Go Back in Time With Nearly Every Single Cultural Reference From The Office

Someone collected nearly ever cultural reference from The Office.

Photo by NBC © 2012 NBCUniversal Media, LLC/IMDb

Today “that’s what she said,” may be best known as the signature catchphrase of Michael Scott, but the phrase and its various iterations were around long before it was first used to point out a double entendre on The Office.

Which goes to show just how easily a simple joke, song, image, or other cultural nugget can spread through pop culture—a phenomenon that Joe Sabia is determined to make with The Office Time Machine. Sabia, along with programmer Aaron Rasmussen, has created an interactive allowing you to navigate and watch just about every pop culture reference ever made in the series, organized by the year in which that movie or song or other cultural property was released.

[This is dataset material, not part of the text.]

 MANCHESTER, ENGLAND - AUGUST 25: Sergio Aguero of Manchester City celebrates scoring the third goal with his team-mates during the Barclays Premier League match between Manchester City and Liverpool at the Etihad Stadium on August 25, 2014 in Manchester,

Type in 1994, for instance, and you’ll get a short YouTube supercut filled with all the mentions of (to name just a few) Forrest Gump and the George Foreman grill. Enter a year from about 2,000 to 3,000 years ago, and you’ll hear the employees of Dunder Mifflin expound upon quotations from Alexander the Great and Sun Tzu. As you’ve probably guessed by now, the project was very time-consuming—especially when it came to determining a precise year for something as ambiguous as the origin of the jazz funeral.

All of this painstaking work was done in the name of bringing awareness to copyright reform and fair use, Sabia says. “To prove culture is not only everywhere,” he writes, “but that certain references to films, songs, and works of art are critical for our collective understanding of comedy and to the importance of relating to content.”

And in the spirit of freely sharing creative work, Sabia encourages anyone to correct his potential oversights and help him pinpoint the few references from the show he wasn’t able to decipher:

Whether that’s a cause you want to support or not, it’s worth taking the time machine out for a spin.